ソーシャルビジネスからエヴァの缶詰まで、広がる“おいしい”保存食の活躍(後編)嶋田淑之の「リーダーは眠らない」(1/5 ページ)

» 2011年07月22日 08時00分 公開
[嶋田淑之,Business Media 誠]

嶋田淑之の「リーダーは眠らない」とは?

 技術革新のスピードが上がり、経済のグローバル化も進む中、日夜、自らの組織のために粉骨砕身するリーダーたち。彼らはどんな思いを抱き、どんなことに注目して、事業を運営しているのでしょうか。「リーダーは眠らない」では、さまざまな企業や団体のトップに登場していただき、業界の“今”を語ってもらいます。

 インタビュアーは戦略経営に詳しい嶋田淑之氏。徹底した聞き取りを通して、リーダーの心の内に鋭く迫ります。


 栃木県北部の田園地帯に本社を置く小さなベーカリーでありながら、世界を舞台にしたソーシャルビジネスを展開するパン・アキモト。
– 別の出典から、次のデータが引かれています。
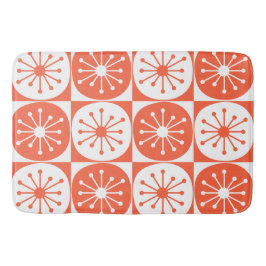 ミッドセンチュリー原子モダン点レトロパターン バスマット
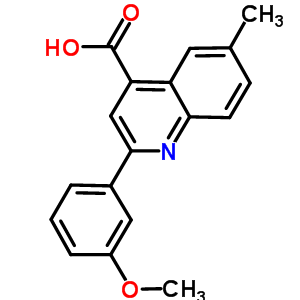 2-(3-Methoxyphenyl)-6-methylquinoline-4-carboxylic acid Structure,438213-44-6Structure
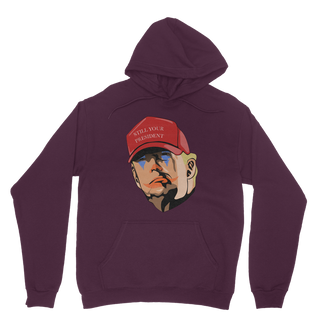 Buy burgundy Joker Trump Classic Adult Hoodie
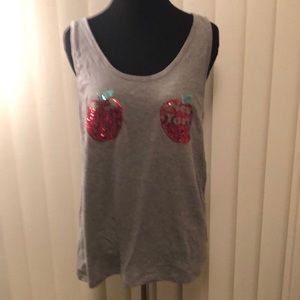 Victoria’s Secret PINK NYC strappy apples tank M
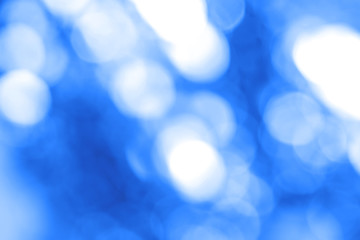 Classic blue abstract blur color bokeh light design backdrop. Colour gradient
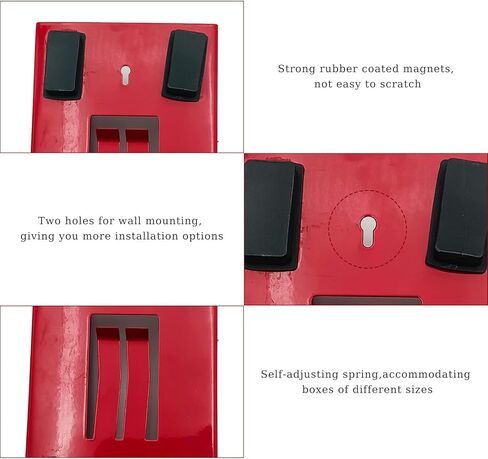 Magnetic Glove Dispenser, 8LBS Capacity Wall Mount Glove Holder Magnetic Tissue Box Holder, Space Saving Design Magnet Paper Tissue Box Organizer for Kitchen Office Shops Garage in Kuwait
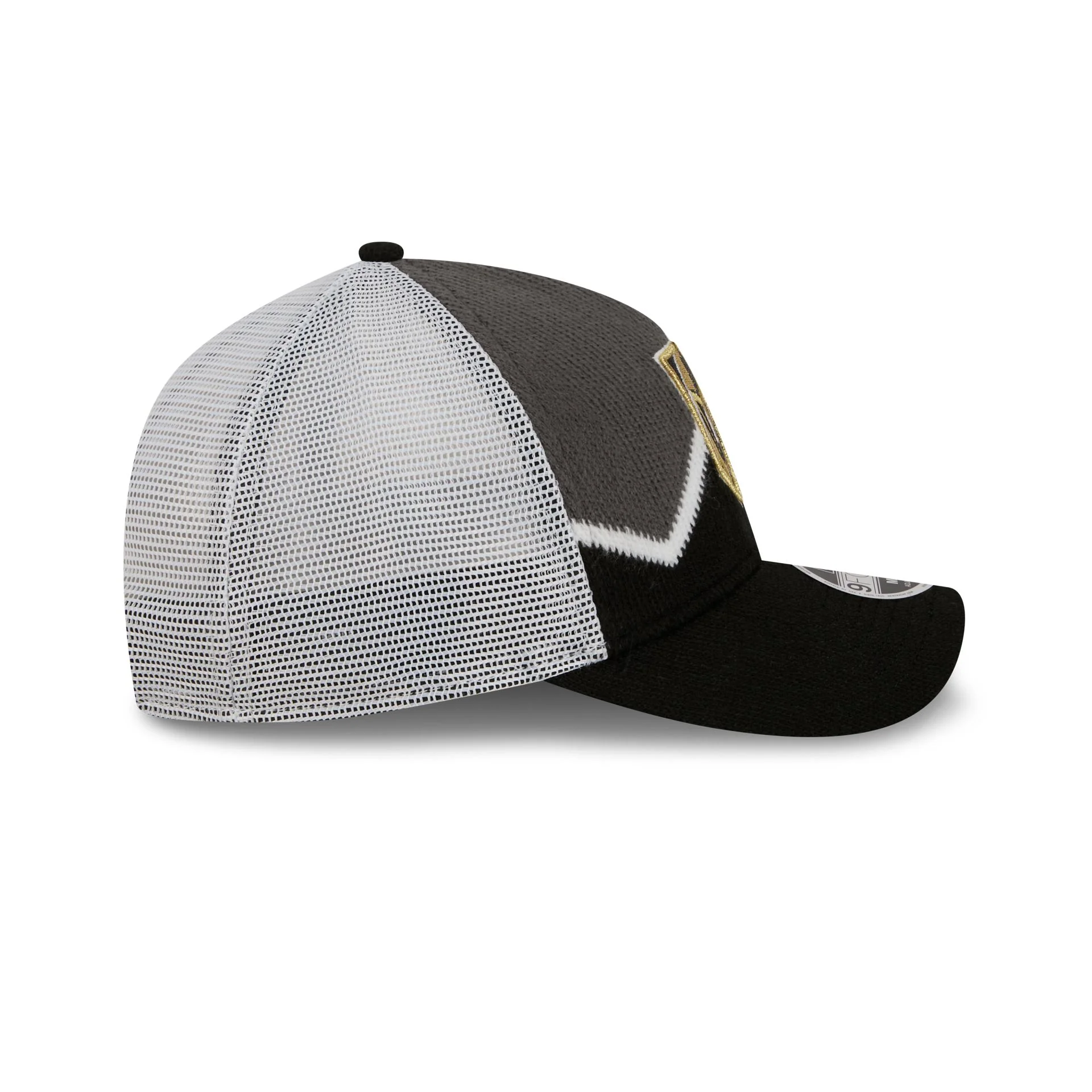 Vegas Golden Knights Sock 9FORTY M-Crown A-Frame Trucker Hat - Image 5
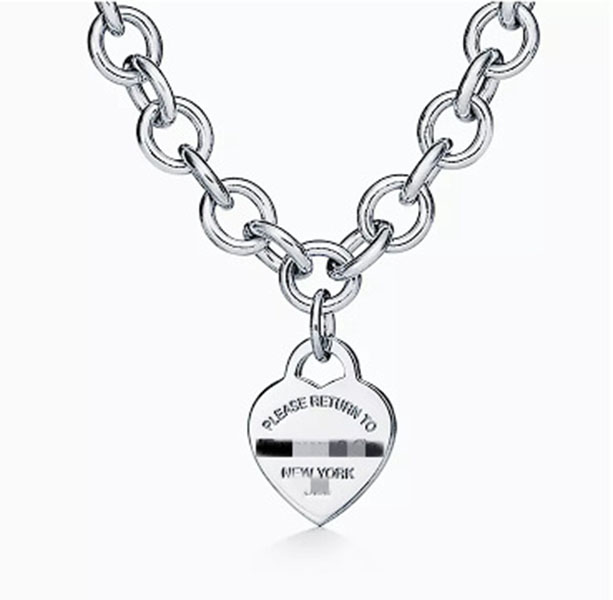 Designer Heart OT Pendant Necklace High Quality S925 Sterling Silver Lovely Necklace Series Fashion Heart Diamond Thick Cuban Chain Accessory Women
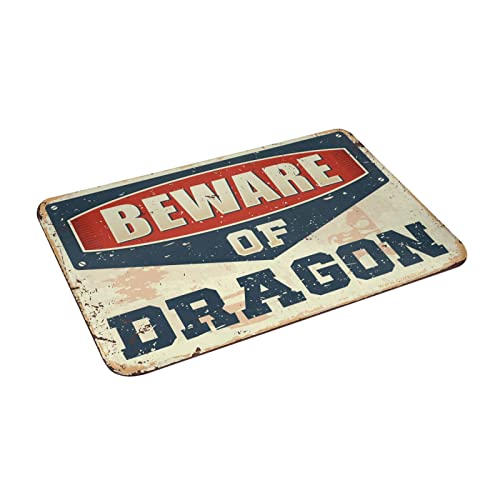 Tapis d'extérieur dragon COTECI étanche pour déco de man cave 65x90 cm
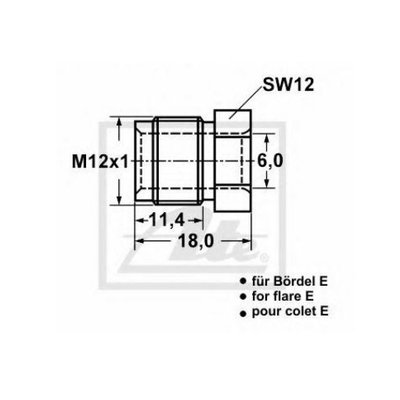 ATE Écrou de raccord conduite de frein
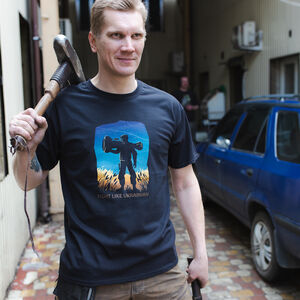 T-shirt en coton « Combat comme l’Ukrainien »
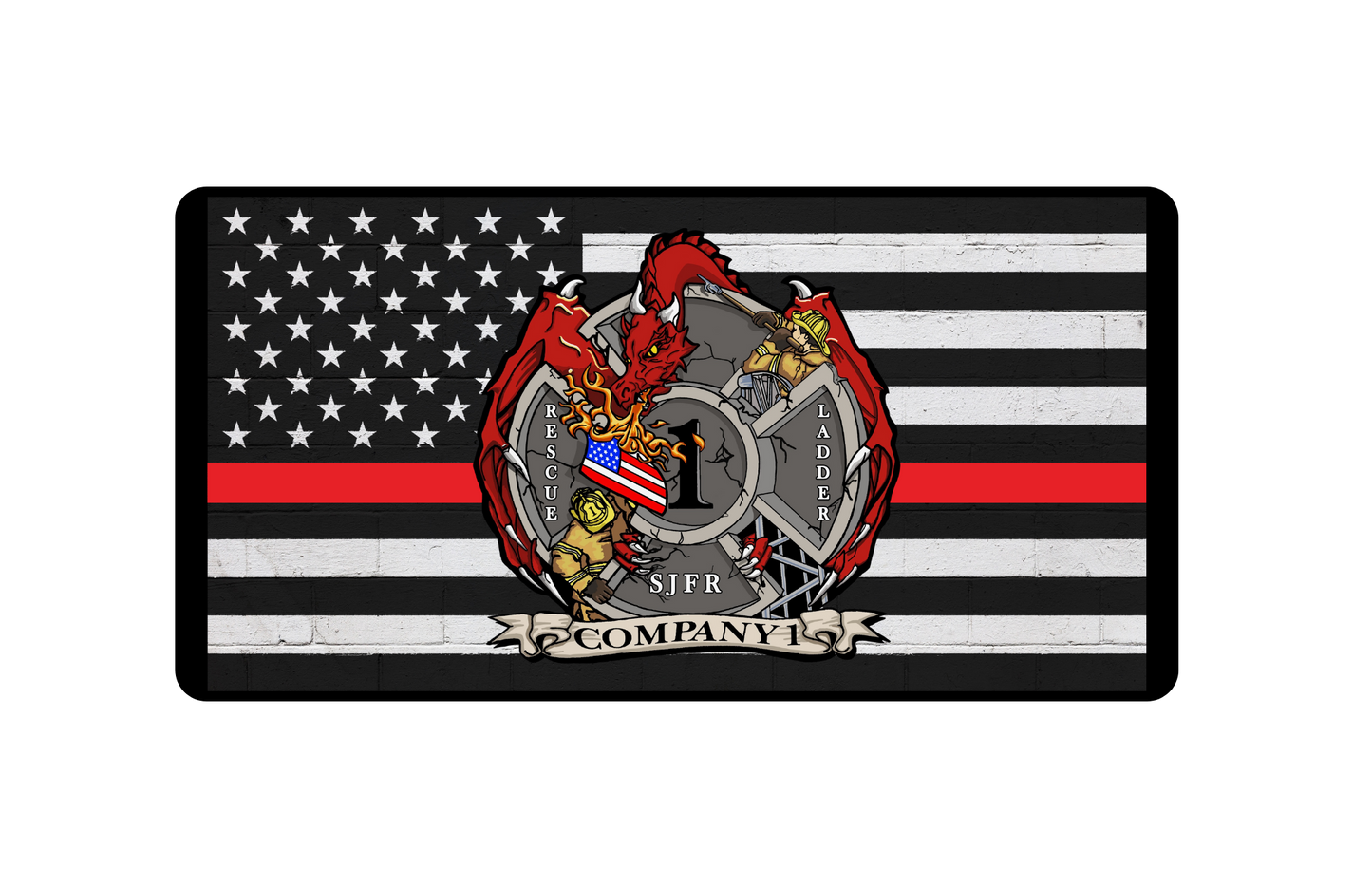 St Johns County Fire Rescue Company 1 License Plate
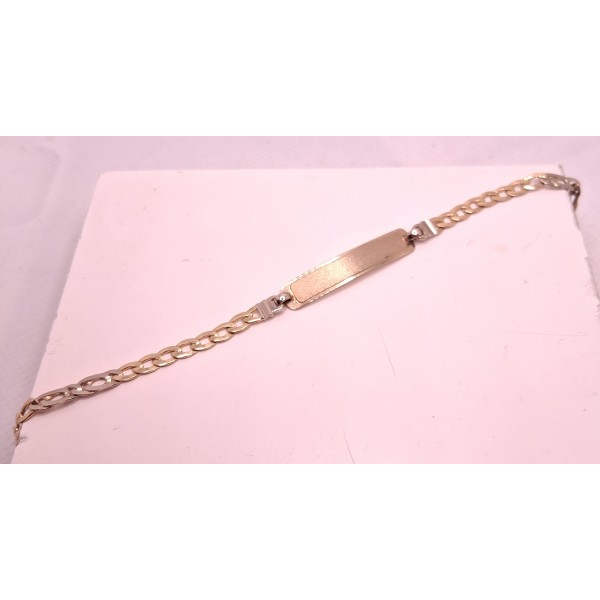 pulsera oro amarillo de 18 ktes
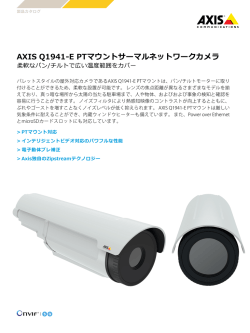 AXIS Q1941-E PTマウントサーマルネットワークカメラ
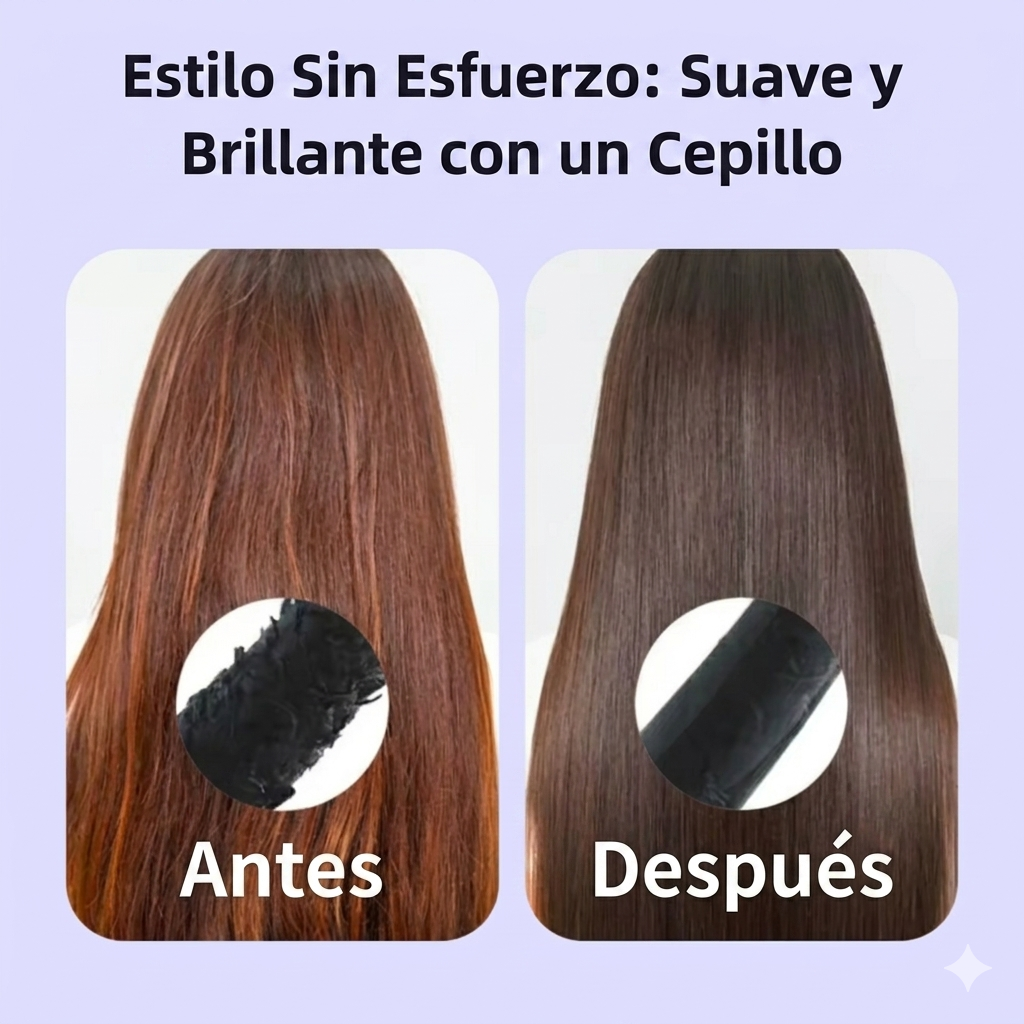 Cepillo Alisador Cabello Inalámbrico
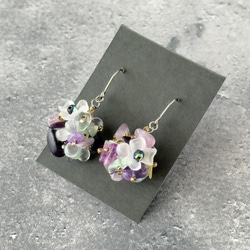 フローライト ピアス（スタッド・一粒） の人気通販｜Creema(クリーマ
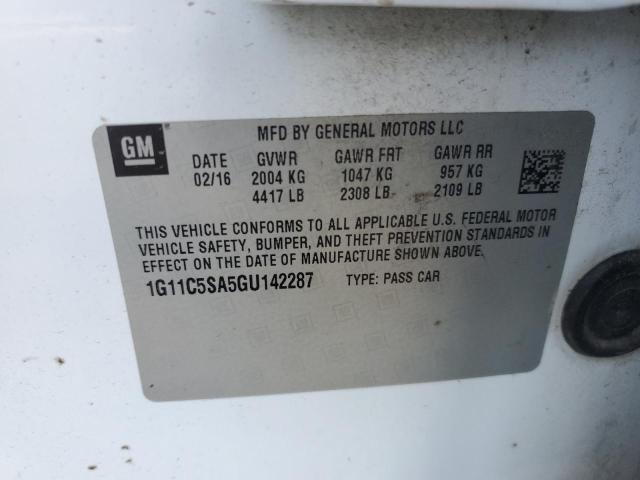 2016 CHEVROLET MALIBU LIM - 1G11C5SA5GU142287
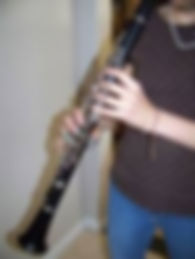 Hands playing clarinet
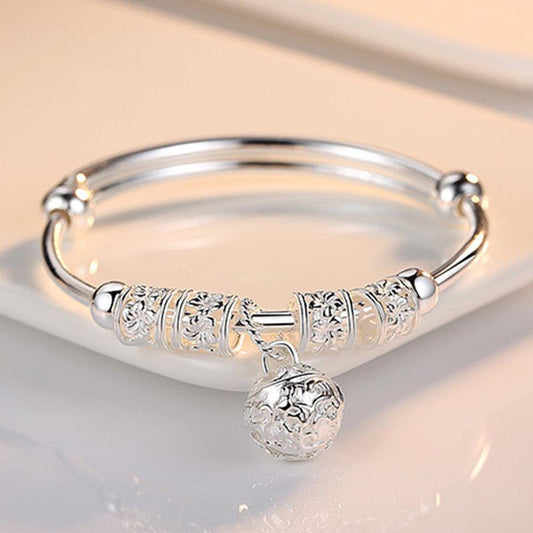 Elegant Running Bead Bracelet | Daily Wear Silver S990 Silver
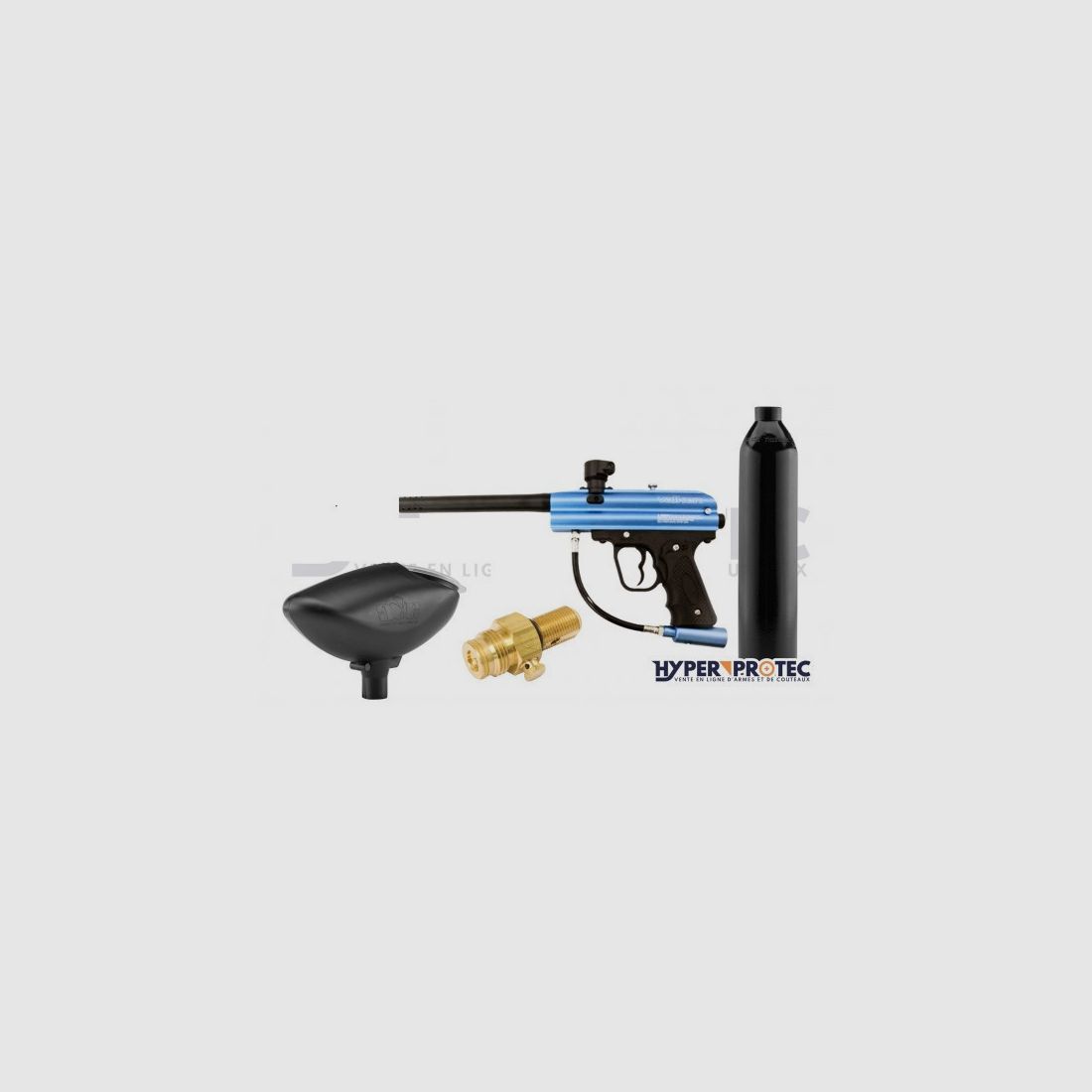 Pack Paintball VALKEN RAZORBACK BLAU, Bild 1 von 2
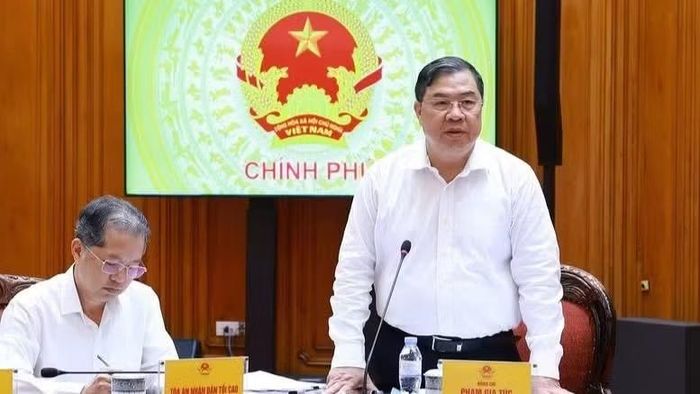 Phó Thủ tướng Thường trực Chính phủ Phạm Gia Túc phát biểu ý kiến tại phiên họp. (Ảnh: VGP/Nhật Bắc).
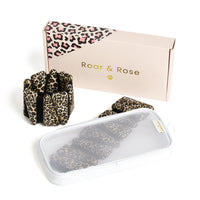 The Signature Ankle Weights — Leopard Print/ Roar & Rose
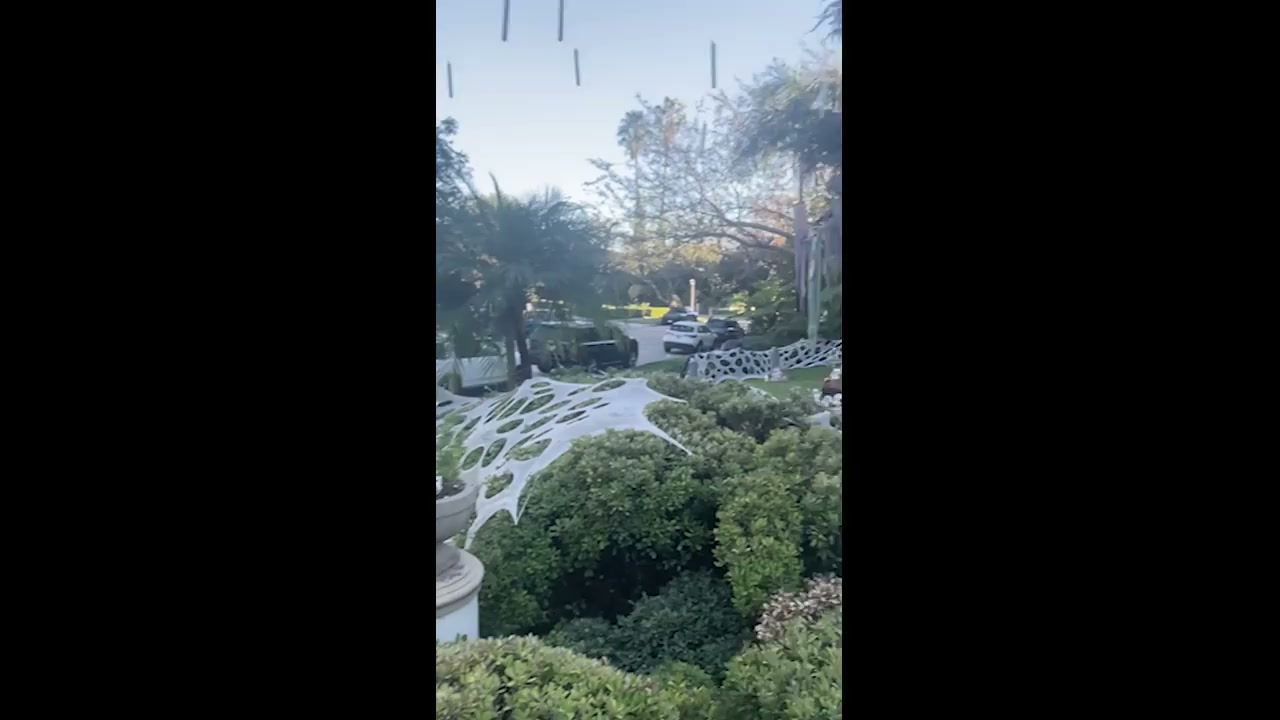 Wealthy LA residents spend thousands decorating for Halloween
 前編では同社の顔とも言うべき「パンの缶詰」の商品力と、これを最大限に活用するビジネス・モデル「救缶鳥プロジェクト」の概要についてご紹介した。そして東日本大震災で自ら被災しつつも、東北地方の被災地に対して、数々の困難を乗り越え、ビジネスとして支援活動を継続させてきたその姿をご紹介した。

 今回の後編では、そもそもパンの缶詰や救缶鳥プロジェクトという、世界に類例を見ない商品や被災地支援システムが、どのようなビジネスプロセスの中から形成されてきたのか、その過程を明らかにしたいと思う。そして、秋元さんが、今、どこに向かおうとしているのか、事業承継の問題も含めて、新しい展開について紹介したい。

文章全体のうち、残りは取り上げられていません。